DIRECTIONS FOR THIS TASK
Beginning with the line that holds "ешки Алексин" and finishing with the line that holds "الجامعة الهاشمية تُنجز", repeat the listing exactly, leaving every picture out.

DATASET EXTRACT
_ _ _ _ _ _ _

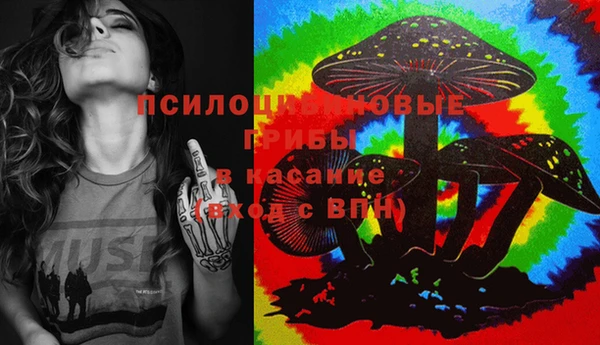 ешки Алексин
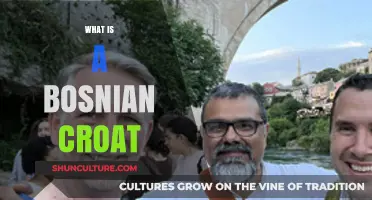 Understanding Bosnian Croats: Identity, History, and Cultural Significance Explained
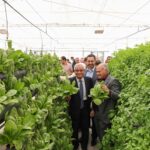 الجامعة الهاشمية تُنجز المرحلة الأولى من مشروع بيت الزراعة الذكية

_ _ _ _ _ _ _

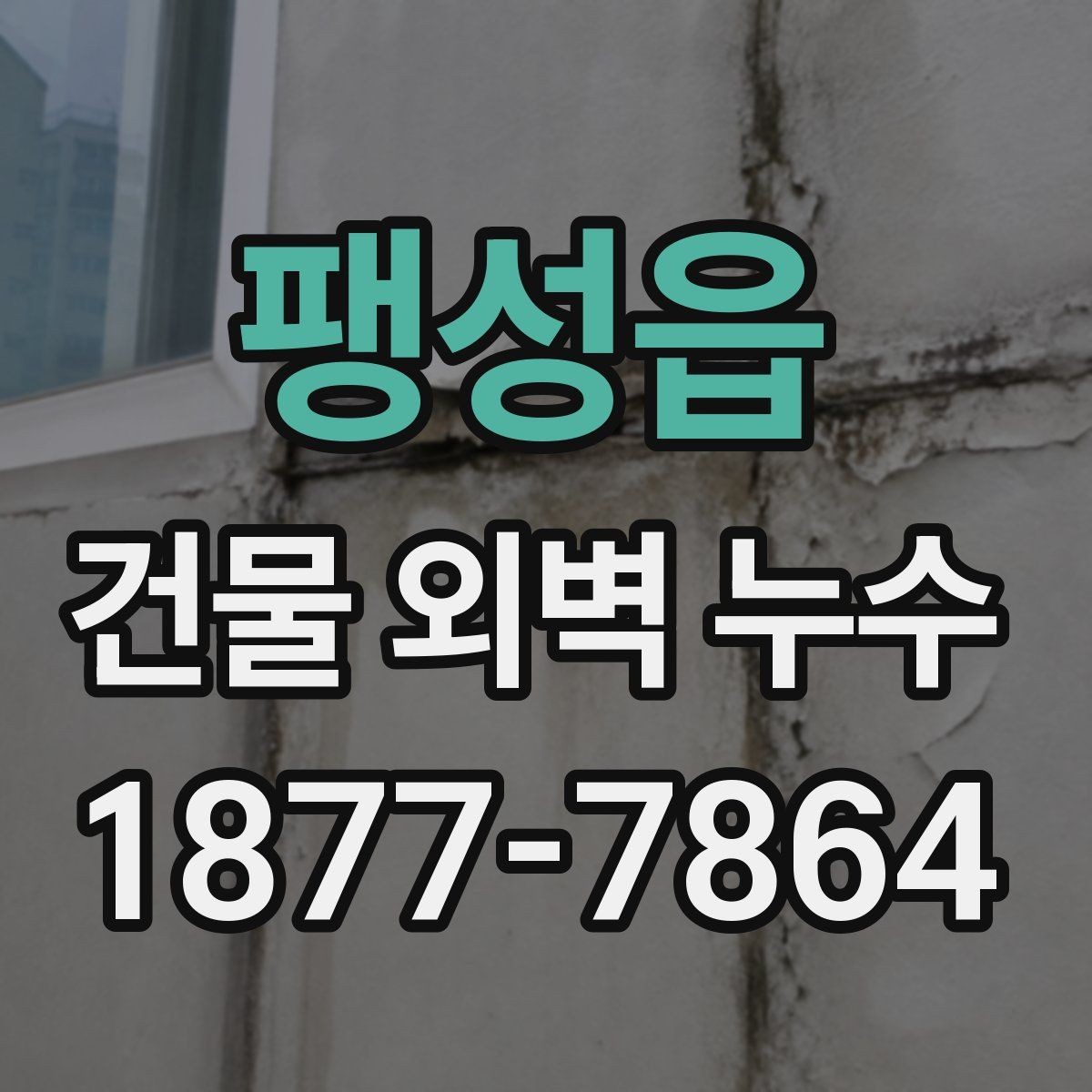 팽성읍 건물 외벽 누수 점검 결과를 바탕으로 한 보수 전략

_ _ _ _ _ _ _

SOLVED EXERCISE
 ешки Алексин
 Understanding Bosnian Croats: Identity, History, and Cultural Significance Explained
 الجامعة الهاشمية تُنجز المرحلة الأولى من مشروع بيت الزراعة الذكية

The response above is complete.